▸ **WORK TO COMPLETE**
Your task is to print the listing exactly as it stands.

▸ **DATA IN THIS EXERCISE**

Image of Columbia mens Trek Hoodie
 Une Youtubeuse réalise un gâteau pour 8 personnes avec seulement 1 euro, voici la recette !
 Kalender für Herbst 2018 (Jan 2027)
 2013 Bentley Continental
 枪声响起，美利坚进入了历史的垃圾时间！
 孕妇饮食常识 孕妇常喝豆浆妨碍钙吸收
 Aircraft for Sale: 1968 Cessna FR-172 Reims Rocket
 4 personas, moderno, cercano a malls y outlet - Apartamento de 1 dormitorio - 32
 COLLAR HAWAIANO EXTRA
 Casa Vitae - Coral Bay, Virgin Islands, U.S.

▸ **WRITTEN SOLUTION**
Image of Columbia mens Trek Hoodie
 Une Youtubeuse réalise un gâteau pour 8 personnes avec seulement 1 euro, voici la recette !
 Kalender für Herbst 2018 (Jan 2027)
 2013 Bentley Continental
 枪声响起，美利坚进入了历史的垃圾时间！
 孕妇饮食常识 孕妇常喝豆浆妨碍钙吸收
 Aircraft for Sale: 1968 Cessna FR-172 Reims Rocket
 4 personas, moderno, cercano a malls y outlet - Apartamento de 1 dormitorio - 32
 COLLAR HAWAIANO EXTRA
 Casa Vitae - Coral Bay, Virgin Islands, U.S.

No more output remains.